The Core Problem: Ignoring the Properties of Determinants
The ICSE syllabus specifically emphasizes evaluating determinants using properties without direct expansion. Students who simply expand along a row or column from the start often run out of time or make algebraic mistakes in the resulting complex polynomials.
Mistake 1: Sign Errors During Row and Column Operations
When applying elementary row or column operations (like $R_i \rightarrow R_i + kR_j$), students frequently make sign errors, especially with negative numbers and subtraction.
More critically, a common mistake is multiplying a row or column by a scalar without dividing the entire determinant by that same scalar outside. The property states: if all elements of a row (or column) are multiplied by a constant $k$, the value of the determinant gets multiplied by $k$. Students do the internal multiplication but forget the external adjustment, completely changing the value of the determinant.
Why Adjoint and Inverse Feel Harder Than They Are
Calculating the inverse of a matrix using determinants ($A^{-1} = \frac{1}{|A|} \text{adj}(A)$) involves multiple steps: finding minors, converting them to cofactors, forming the cofactor matrix, and then transposing it to get the adjoint.

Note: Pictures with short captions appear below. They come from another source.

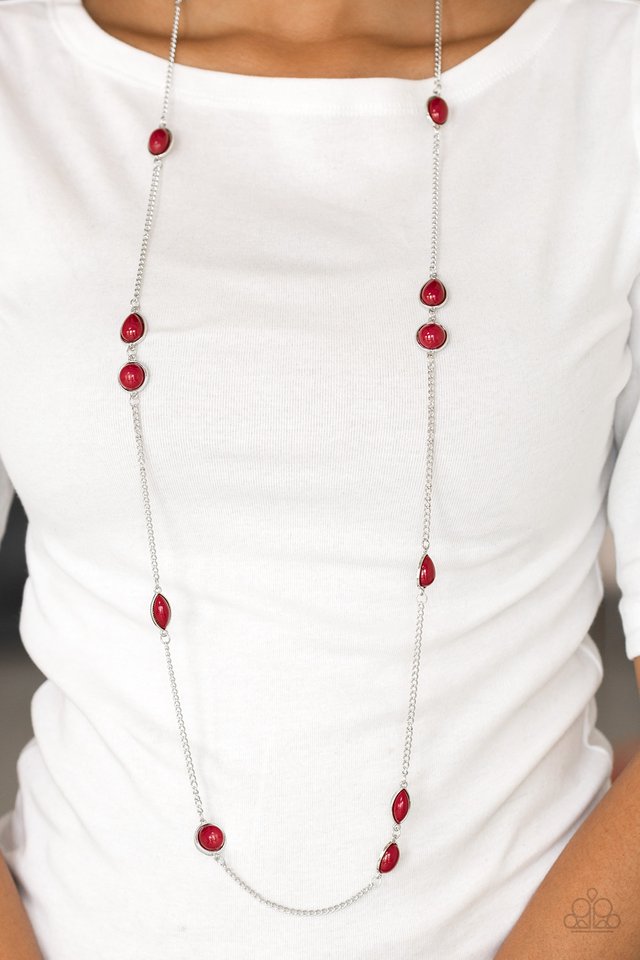 Paparazzi Necklaces - Pacific Piers - Red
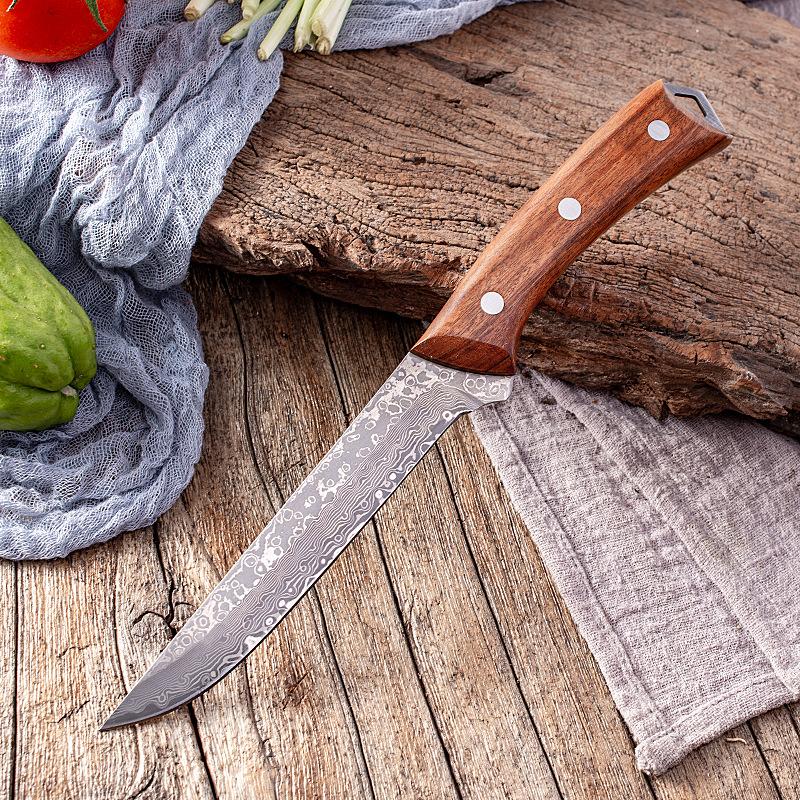 Damascus Steel VG10 Bone Cutting Knife 67 Layers of High Carbon Steel Forged From The Cutting Knife Meat and Fish Cutting Knife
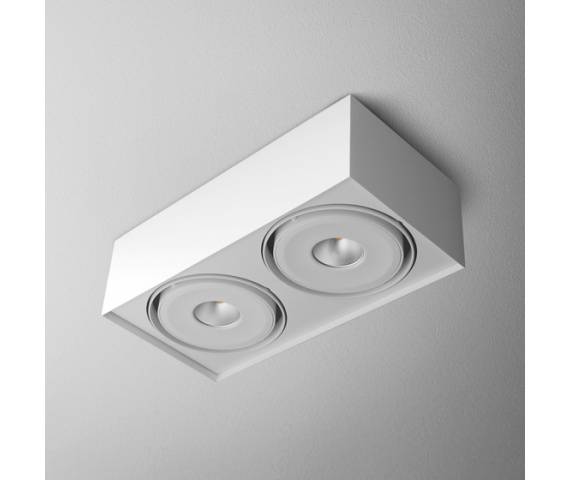 Plafon SQUARES mini 111x2 QRLED oprawa natynkowa 40202 AQform podwójna oprawa w nowoczesnym stylu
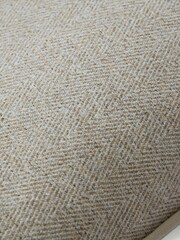 Laura Ashley Truffle Natural Milbourne Herringbone Cushion - Image 2 of 4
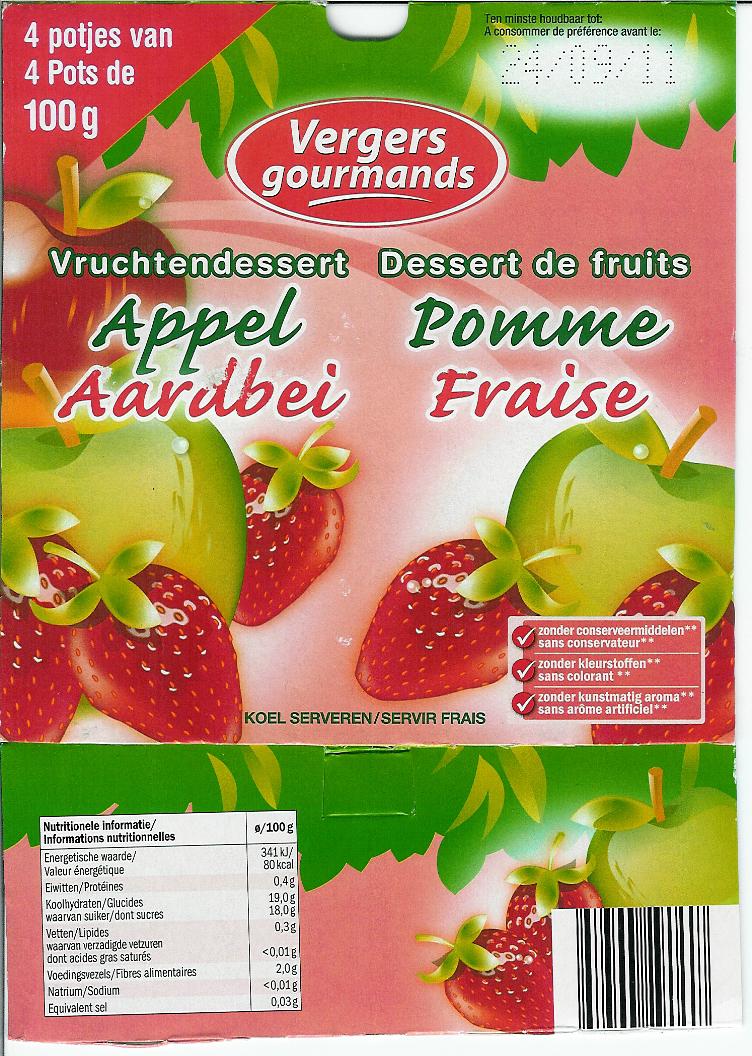 Mincir et Sport Lidl Vergers gourmands dessert pomme fraise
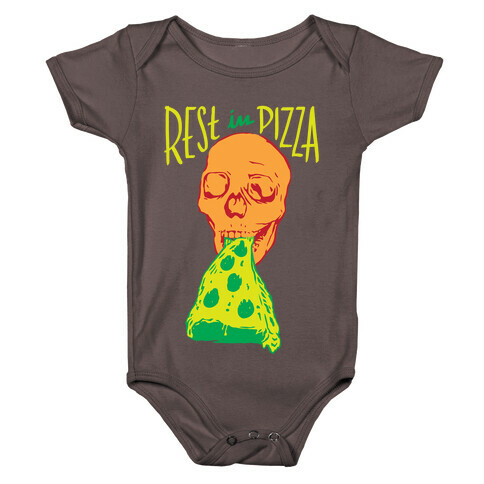 R.I.P. Rest In Pizza Baby One-Piece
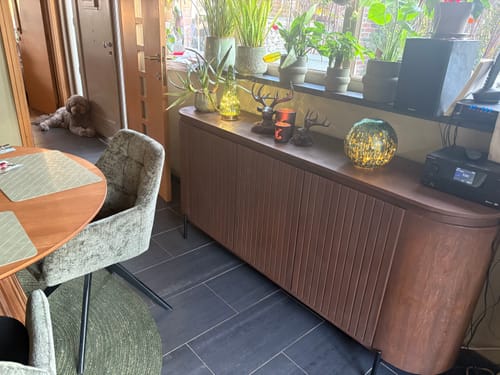 Customer photo review of by fonQ Grand Dressoir Tabacco Mangohout - B 180 cm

The mistake happens almost universally at the cofactor stage. The cofactor $C_{ij} = (-1)^{i+j} M_{ij}$. Students frequently forget to apply the alternating signs for the odd position elements (like $C_{12}, C_{21}, C_{23}, C_{32}$). One missed negative sign ruins the entire inverse matrix and any subsequent calculations for solving linear equations.
Mistake 2: Misinterpreting Singular and Non-Singular Matrices
A matrix is singular if its determinant is zero ($|A| = 0$) and non-singular if its determinant is non-zero ($|A| \neq 0$).

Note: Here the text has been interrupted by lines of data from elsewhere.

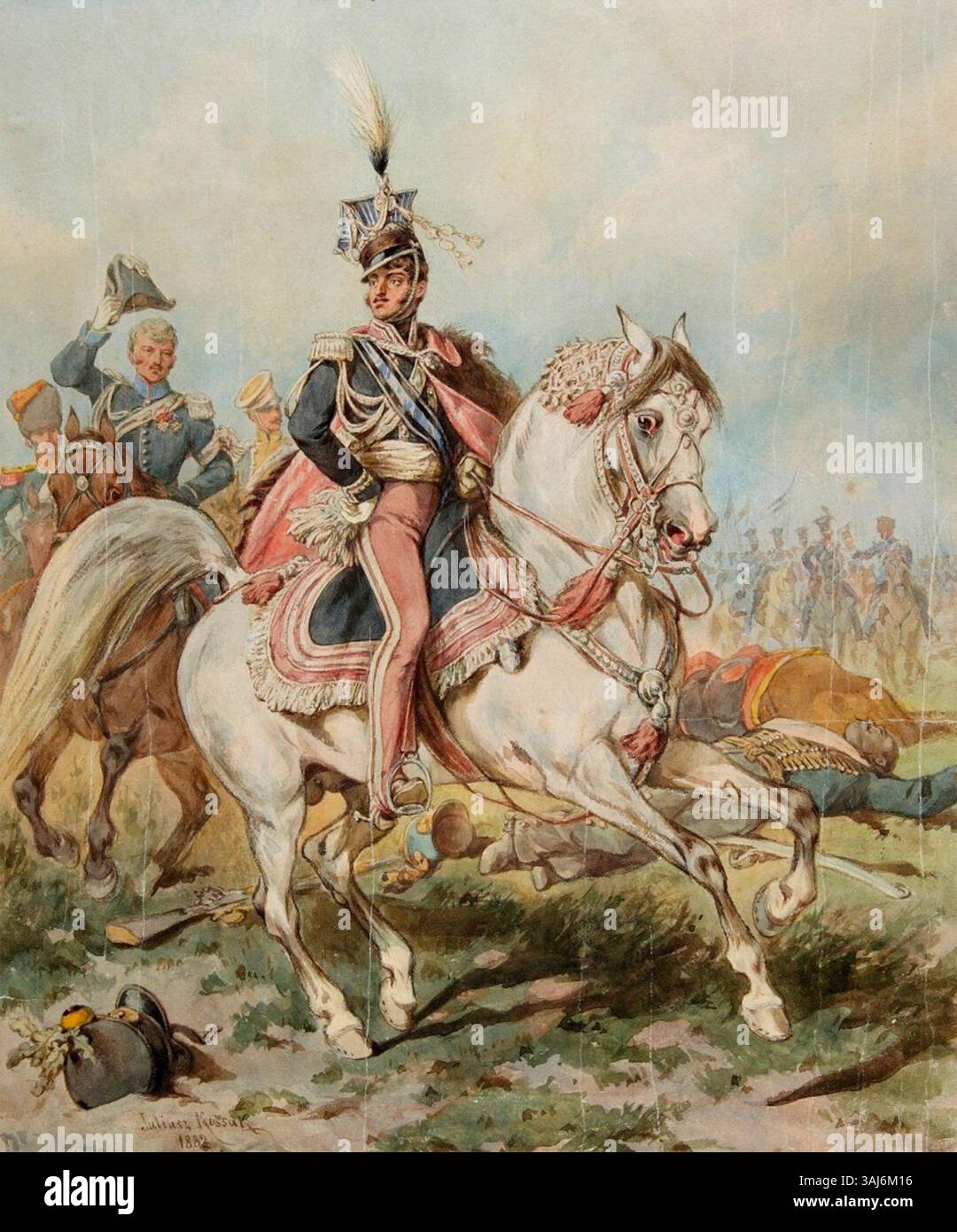 This 1882 Watercolor Painting By Juliusz Kossak Depicts Prince J zef 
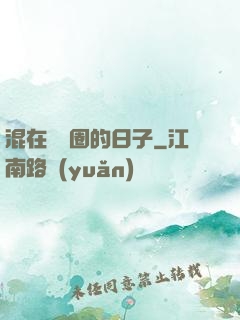 混在娛樂圈的日子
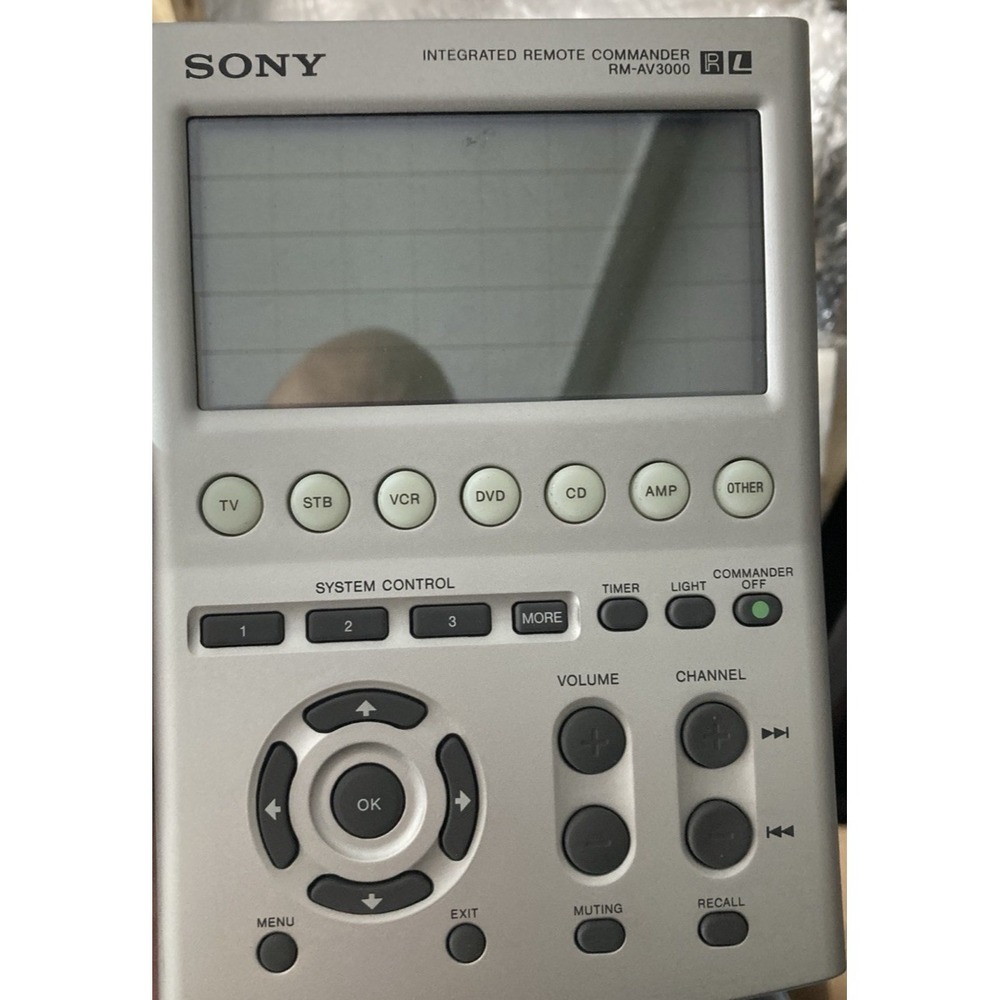 Sony RM-AV3000 Touch Screen Universal Remote Programmable Learning Control - Picture 1 of 10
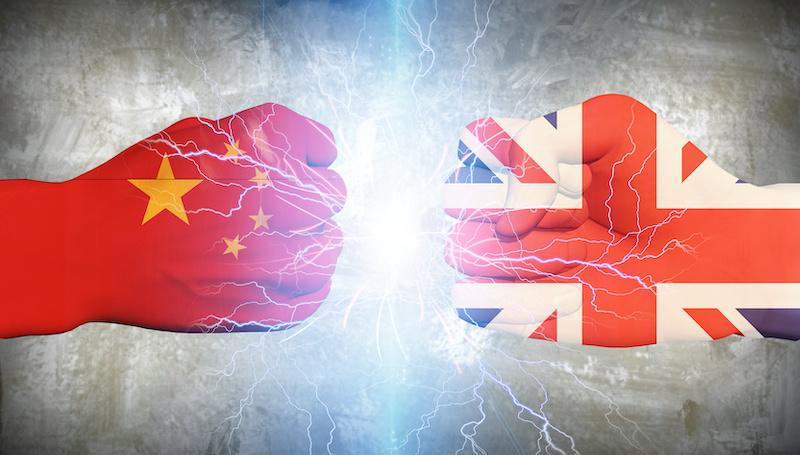 英国vs中国国家的照片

This is crucial because the inverse of a matrix exists only if it is non-singular. A common exam error is blindly proceeding to calculate the adjoint and inverse without first checking if $|A| = 0$. If $|A| = 0$, the inverse does not exist, and the system of linear equations might be inconsistent or have infinitely many solutions. Failing to check the determinant first wastes precious time and leads to incorrect conclusions.

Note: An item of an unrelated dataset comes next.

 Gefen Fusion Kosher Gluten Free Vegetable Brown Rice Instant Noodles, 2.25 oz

The Properties of Adjoint Are More Detailed Than Students Think
Questions frequently test the theoretical properties of the adjoint matrix, not just its calculation.
Students often fail to recall properties like $A \cdot \text{adj}(A) = \text{adj}(A) \cdot A = |A|I$, or that $|\text{adj}(A)| = |A|^{n-1}$ (where $n$ is the order of the matrix). When an objective question asks for the value of $|\text{adj}(A)|$ given that $|A| = 5$ for a $3 \times 3$ matrix, students sometimes try to find the full matrix instead of simply using the formula to get $5^2 = 25$.
Mistake 3: Errors in Solving Systems of Linear Equations (Cramer's Rule / Matrix Method)
When solving linear equations using the matrix method ($X = A^{-1}B$), the most significant hurdle is maintaining accuracy through the lengthy process.
Aside from cofactor sign errors, students often set up the matrix equation incorrectly or mess up the final matrix multiplication step between $A^{-1}$ and $B$. Furthermore, if asked to use Cramer's Rule, students mix up the determinants $\Delta_x$, $\Delta_y$, and $\Delta_z$, placing the constant column $B$ in the wrong position. Systematic, step-by-step calculation with double-checking is essential to secure full marks on these long-answer questions.